Parents pay big money

See where I’m going with this? I’m thinking it’s a generational thing that this is referencing.
 
you miss 100% of the shots you don't take

Rakehell

Modern Human
Modern Human
Joined
Mar 28, 2021
Messages
822
It’s easy to say what you think you deserve. I think I deserve a million dollar mansion.

I feel as though the more money you have the more she’s gonna wanna angle for a relationship. After all a-lot of girls are taught earlier to “marry a man with a good job”.

I feel like a girl wouldn’t even ask someone expect this from someone she thought was attractive in the way that allows for quick sex. Even if he was loaded.

Butttt….If you aren’t attractive….and she isn’t at that stage in her life where she settles down with a wealthy guy (despite her being super dry for him). She’s gonna atleast try to frame the courtship in a way that gets her the benefits of being around a guy with money (if he allows it).

She can do this many ways and I think this is why guy’s who take the wrong approach feel as though girls hold alot of power. They can easily string along guy’s with sex and never actually give it to them, only giving it to them to reward good behavior. They can be hot and cold with the guy, she can make him feel like he’s close to sex, when the guy leaves she might love bomb him to reel him back in, there’s innumerable ways.

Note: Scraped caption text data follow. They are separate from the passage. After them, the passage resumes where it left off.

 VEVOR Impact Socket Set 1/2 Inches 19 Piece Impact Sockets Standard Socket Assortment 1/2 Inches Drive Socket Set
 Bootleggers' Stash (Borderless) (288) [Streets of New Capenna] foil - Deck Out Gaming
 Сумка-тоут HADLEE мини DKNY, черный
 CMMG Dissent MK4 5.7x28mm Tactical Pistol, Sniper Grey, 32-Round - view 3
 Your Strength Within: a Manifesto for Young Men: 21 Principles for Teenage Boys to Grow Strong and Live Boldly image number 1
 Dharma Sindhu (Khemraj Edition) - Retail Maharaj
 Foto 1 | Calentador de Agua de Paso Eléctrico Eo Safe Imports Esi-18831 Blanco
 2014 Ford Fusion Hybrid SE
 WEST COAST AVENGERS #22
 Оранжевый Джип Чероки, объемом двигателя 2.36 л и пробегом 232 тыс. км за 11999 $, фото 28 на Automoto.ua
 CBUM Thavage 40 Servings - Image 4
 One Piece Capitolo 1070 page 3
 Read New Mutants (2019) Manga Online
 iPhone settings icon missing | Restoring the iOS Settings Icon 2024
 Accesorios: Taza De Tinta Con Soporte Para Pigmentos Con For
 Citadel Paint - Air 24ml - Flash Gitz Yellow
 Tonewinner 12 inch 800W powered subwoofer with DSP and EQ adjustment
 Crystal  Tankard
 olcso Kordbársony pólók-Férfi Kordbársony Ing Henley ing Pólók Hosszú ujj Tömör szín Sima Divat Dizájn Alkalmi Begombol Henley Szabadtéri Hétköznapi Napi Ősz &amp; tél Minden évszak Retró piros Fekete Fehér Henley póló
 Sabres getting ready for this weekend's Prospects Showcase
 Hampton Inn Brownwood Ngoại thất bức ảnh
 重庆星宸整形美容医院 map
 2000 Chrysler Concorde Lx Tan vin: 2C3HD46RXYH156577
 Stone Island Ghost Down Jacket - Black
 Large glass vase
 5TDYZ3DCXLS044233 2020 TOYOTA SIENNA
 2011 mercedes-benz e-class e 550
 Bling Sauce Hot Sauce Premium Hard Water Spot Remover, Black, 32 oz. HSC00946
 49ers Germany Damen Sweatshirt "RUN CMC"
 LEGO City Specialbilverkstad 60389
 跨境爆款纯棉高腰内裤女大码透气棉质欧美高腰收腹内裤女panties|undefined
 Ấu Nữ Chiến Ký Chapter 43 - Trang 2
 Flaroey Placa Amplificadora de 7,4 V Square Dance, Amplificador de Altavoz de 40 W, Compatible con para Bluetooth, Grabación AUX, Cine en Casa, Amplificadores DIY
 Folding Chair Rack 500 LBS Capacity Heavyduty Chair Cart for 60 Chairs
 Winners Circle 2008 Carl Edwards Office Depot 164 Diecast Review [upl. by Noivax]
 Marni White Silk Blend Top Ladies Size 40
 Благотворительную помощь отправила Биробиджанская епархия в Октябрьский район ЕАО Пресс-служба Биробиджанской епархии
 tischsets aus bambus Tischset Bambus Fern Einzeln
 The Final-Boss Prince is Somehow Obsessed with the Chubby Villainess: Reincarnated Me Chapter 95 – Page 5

This is pretty extreme and harbors on gold digger behavior but i’m talking girls who claim money is an important factor.

It takes a certain type of man to fall for this behavior, usually the type of man who’d spend hella on a date as a machiavellian way to “impress” and not in a hedonistic way to enjoy himself.
 

Chase

Chieftan
Staff member
tribal-elder
Joined
Oct 9, 2012
Messages
6,615
@Troy,

As I like to say, if you have to say it, it isn't true.

If this woman is angrily proclaiming she expects $400 spent on her on dates, she most likely usually has $4 spent on her on dates.

Your life and time is limited, and before you know it it will be gone. Don't waste it hypnotized by the peanut gallery, listening to the idle chitchat and showoff-y boasts of nobodies dreaming about being somebodies.